An honest-to-God civics lesson is playing out in the State Capitol. Members of the Assembly should take a moment to refresh their understanding of the Bill of Rights.

During the debate over the Constitution, James Madison wrote to Thomas Jefferson:

Wherever the real power in a Government lies, there is the danger of oppression. In our Governments the real power lies in the majority of the Community, and the invasion of private rights is chiefly to be apprehended, not from acts of Government contrary to the sense of its constituents, but from acts in which the Government is the mere instrument of the major number of the constituents.

Many similar debates among the Founders eventually gave birth to the Bill of Rights, that amazing document that walls off certain liberties from encroachment by government – even if a majority of the public (“the major number of constituents”) believes those liberties should be narrowed.

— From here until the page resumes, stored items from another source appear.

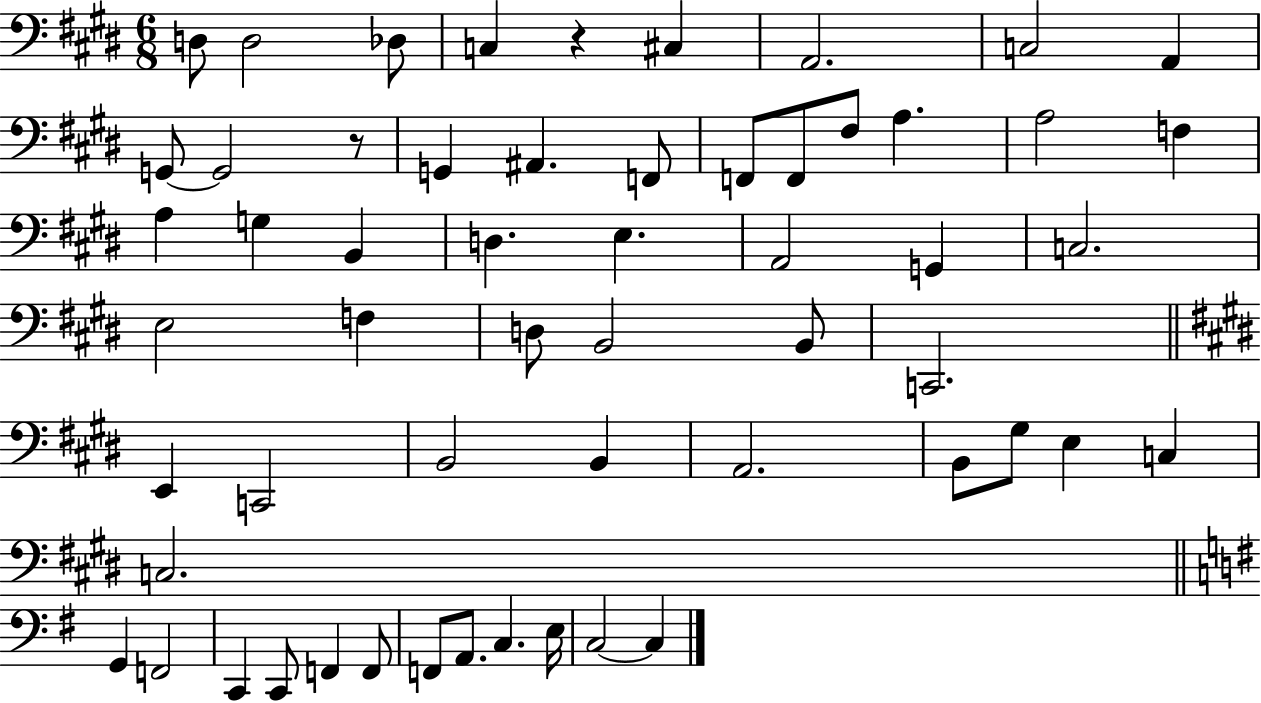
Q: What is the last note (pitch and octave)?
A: C3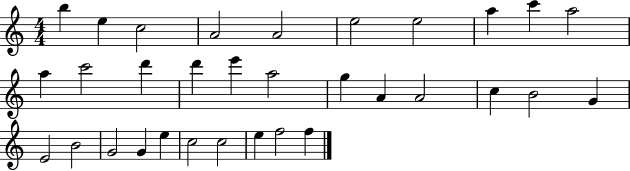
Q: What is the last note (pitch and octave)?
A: F5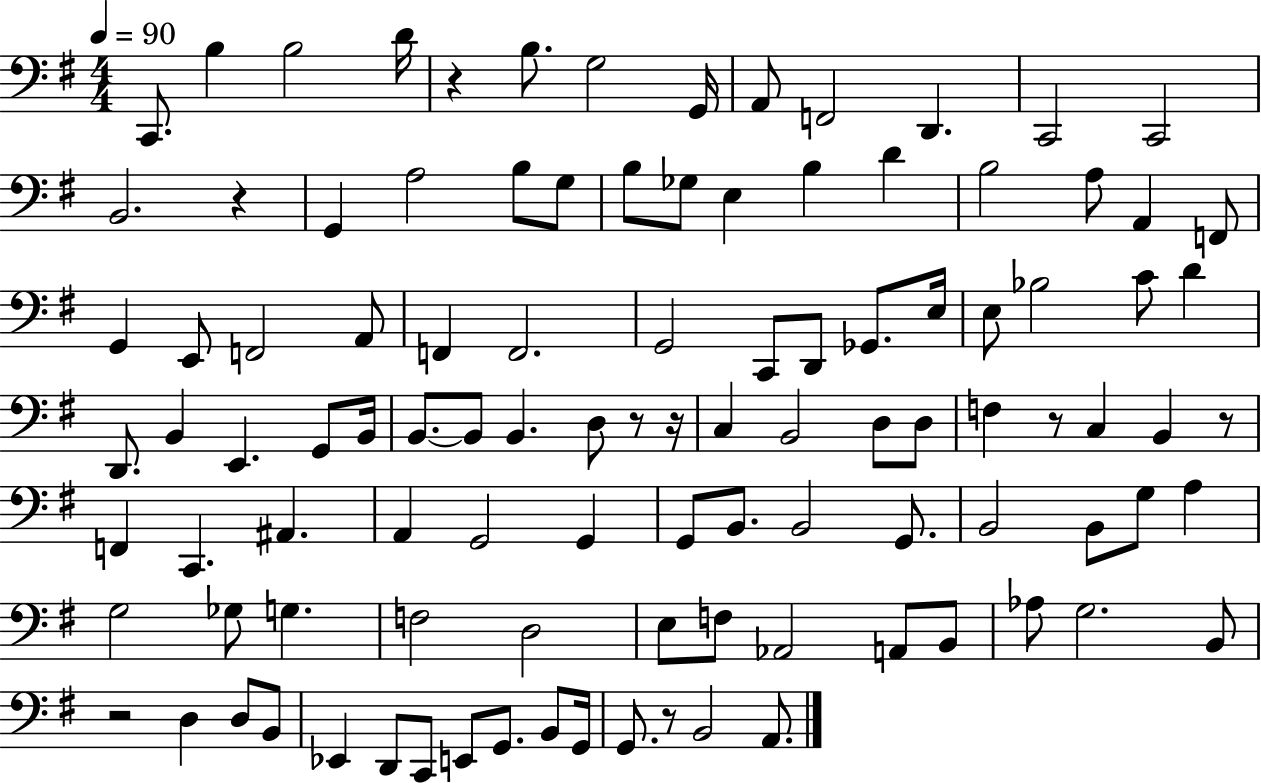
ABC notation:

X:1
T:Untitled
M:4/4
L:1/4
K:G
C,,/2 B, B,2 D/4 z B,/2 G,2 G,,/4 A,,/2 F,,2 D,, C,,2 C,,2 B,,2 z G,, A,2 B,/2 G,/2 B,/2 _G,/2 E, B, D B,2 A,/2 A,, F,,/2 G,, E,,/2 F,,2 A,,/2 F,, F,,2 G,,2 C,,/2 D,,/2 _G,,/2 E,/4 E,/2 _B,2 C/2 D D,,/2 B,, E,, G,,/2 B,,/4 B,,/2 B,,/2 B,, D,/2 z/2 z/4 C, B,,2 D,/2 D,/2 F, z/2 C, B,, z/2 F,, C,, ^A,, A,, G,,2 G,, G,,/2 B,,/2 B,,2 G,,/2 B,,2 B,,/2 G,/2 A, G,2 _G,/2 G, F,2 D,2 E,/2 F,/2 _A,,2 A,,/2 B,,/2 _A,/2 G,2 B,,/2 z2 D, D,/2 B,,/2 _E,, D,,/2 C,,/2 E,,/2 G,,/2 B,,/2 G,,/4 G,,/2 z/2 B,,2 A,,/2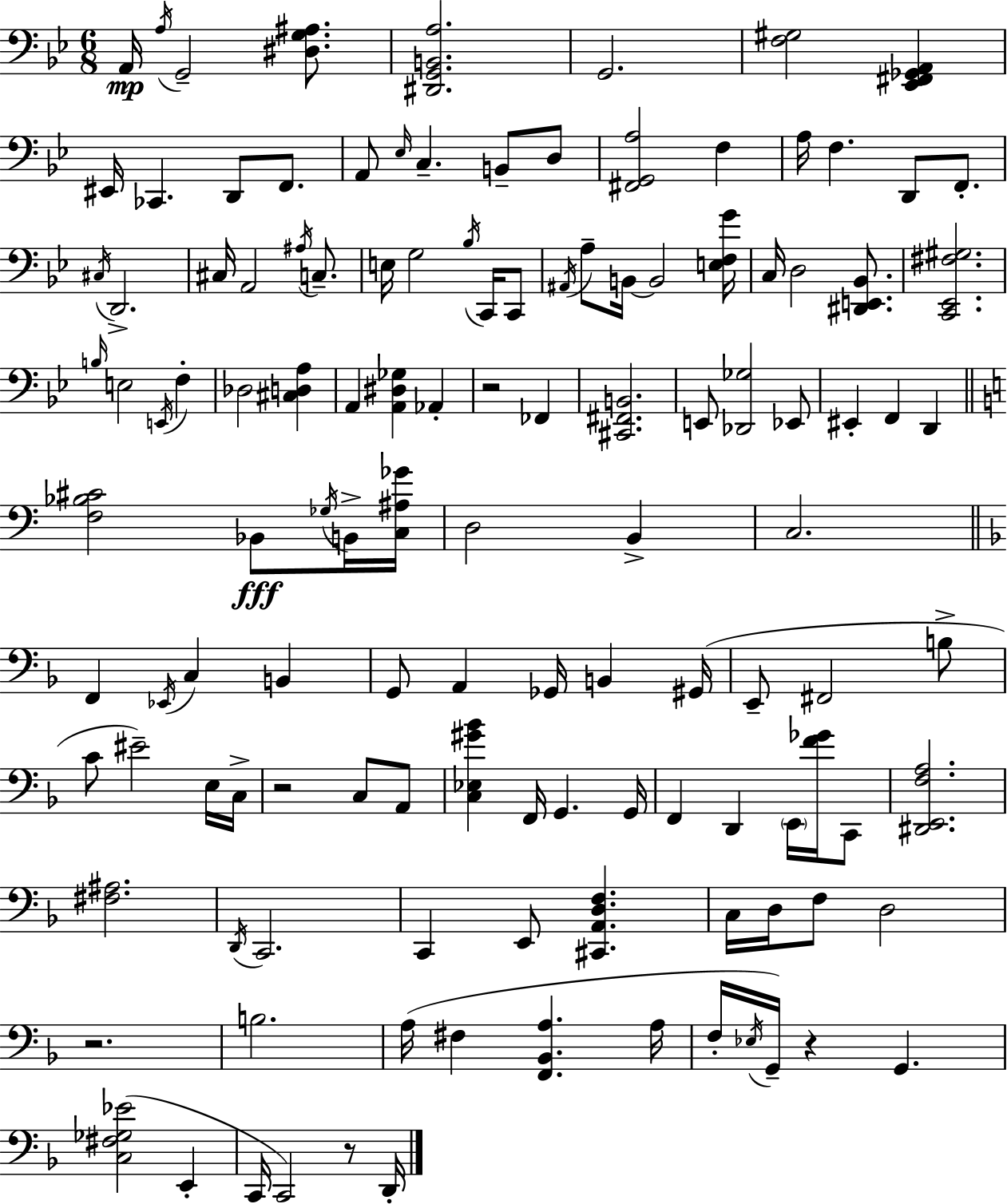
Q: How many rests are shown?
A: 5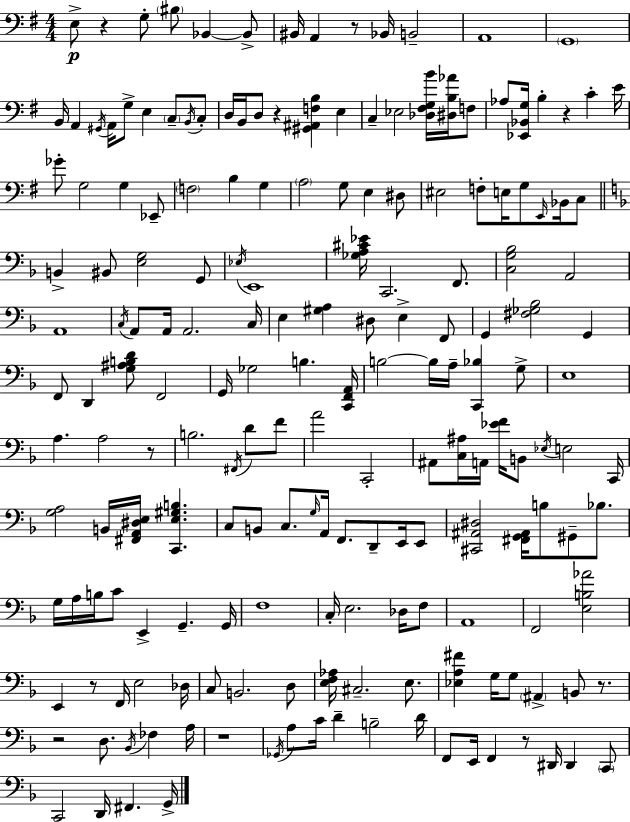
{
  \clef bass
  \numericTimeSignature
  \time 4/4
  \key g \major
  e8->\p r4 g8-. \parenthesize bis8 bes,4~~ bes,8-> | bis,16 a,4 r8 bes,16 b,2-- | a,1 | \parenthesize g,1 | \break b,16 a,4 \acciaccatura { gis,16 } a,16 g8-> e4 \parenthesize c8-- \acciaccatura { b,16 } | c8-. d16 b,16 d8 r4 <gis, ais, f b>4 e4 | c4-- ees2 <des fis g b'>16 <dis b aes'>16 | f8 aes8 <ees, bes, g>16 b4-. r4 c'4-. | \break e'16 ges'8-. g2 g4 | ees,8-- \parenthesize f2 b4 g4 | \parenthesize a2 g8 e4 | dis8 eis2 f8-. e16 g8 \grace { e,16 } | \break bes,16 c8 \bar "||" \break \key d \minor b,4-> bis,8 <e g>2 g,8 | \acciaccatura { ees16 } e,1 | <ges a cis' ees'>16 c,2. f,8. | <c g bes>2 a,2 | \break a,1 | \acciaccatura { c16 } a,8 a,16 a,2. | c16 e4 <gis a>4 dis8 e4-> | f,8 g,4 <fis ges bes>2 g,4 | \break f,8 d,4 <g ais b d'>8 f,2 | g,16 ges2 b4. | <c, f, a,>16 b2~~ b16 a16-- <c, bes>4 | g8-> e1 | \break a4. a2 | r8 b2. \acciaccatura { fis,16 } d'8 | f'8 a'2 c,2-. | ais,8 <c ais>16 a,16 <ees' f'>16 b,8 \acciaccatura { ees16 } e2 | \break c,16 <g a>2 b,16 <fis, a, dis e>16 <c, e gis b>4. | c8 b,8 c8. \grace { g16 } a,16 f,8. | d,8-- e,16 e,8 <cis, ais, dis>2 <fis, g, ais,>16 b8 | gis,8-- bes8. g16 a16 b16 c'8 e,4-> g,4.-- | \break g,16 f1 | c16-. e2. | des16 f8 a,1 | f,2 <e b aes'>2 | \break e,4 r8 f,16 e2 | des16 c8 b,2. | d8 <e f aes>16 cis2.-- | e8. <ees a fis'>4 g16 g8 \parenthesize ais,4-> | \break b,8 r8. r2 d8. | \acciaccatura { bes,16 } fes4 a16 r1 | \acciaccatura { ges,16 } a8 c'16 d'4-- b2-- | d'16 f,8 e,16 f,4 r8 | \break dis,16 dis,4 \parenthesize c,8 c,2 d,16 | fis,4. g,16-> \bar "|."
}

Thus we protect – sometimes against public opprobrium – marching by Nazis and burning of flags and censorship of news media. We erect a “wall of separation” (Jefferson’s words) between church and state. These liberties are found in the First Amendment.

The “establishment clause” of the First Amendment prevents government from favoring one religion over others – or over none. It is meant to protect citizens, in the words of Justice William O. Douglas, “against any law which selects any religious custom, practice, or ritual, puts the force of government behind it, and fines, imprisons, or otherwise penalizes a person for not observing it.”

Which brings us to legislation recently heard in the Assembly Labor Committee, which would require employers to pay their workers double their normal rate of pay on Thanksgiving and Christmas holidays.

While acknowledging the obvious, that Christmas is a Christian holiday, committee chairman Roger Hernandez made a majoritarian case for the prevalence of the dominant culture, implicitly rejecting the case for religious liberty:

In our American culture we do have a socialization that includes dominant cultural practices in our communities. And a big part of that is these two holidays. Whether you’re Muslim, whether you’re Buddhist or Catholic or Protestant, these are days that are enjoyed by people of all – this is not a religious-driven piece of legislation.

But whether this legislation is “religious-driven” is beside the point.

The Supreme Court has held that “a governmental action that unconstitutionally advances religion (involves) governmental practice that either has the purpose or effect of ‘endorsing’ religion.” Justice Sandra Day O’Connor elaborated:

Endorsement sends a message to nonadherents that they are outsiders, not full members of the political community, and an accompanying message to adherents that they are insiders, favored members of the political community.

You may argue that the primary purpose of the double pay on holidays legislation is secular (although choosing a religious holiday for that purpose makes even that contention suspect). But its effect is to endorse a Christian holiday, and it compels “adherents and nonadherents” alike to honor this endorsement. As much as a “major number of constituents” – or even a majority of the Legislature – may wish to effect this infringement on religious liberty, it clearly falls outside the bounds of the First Amendment.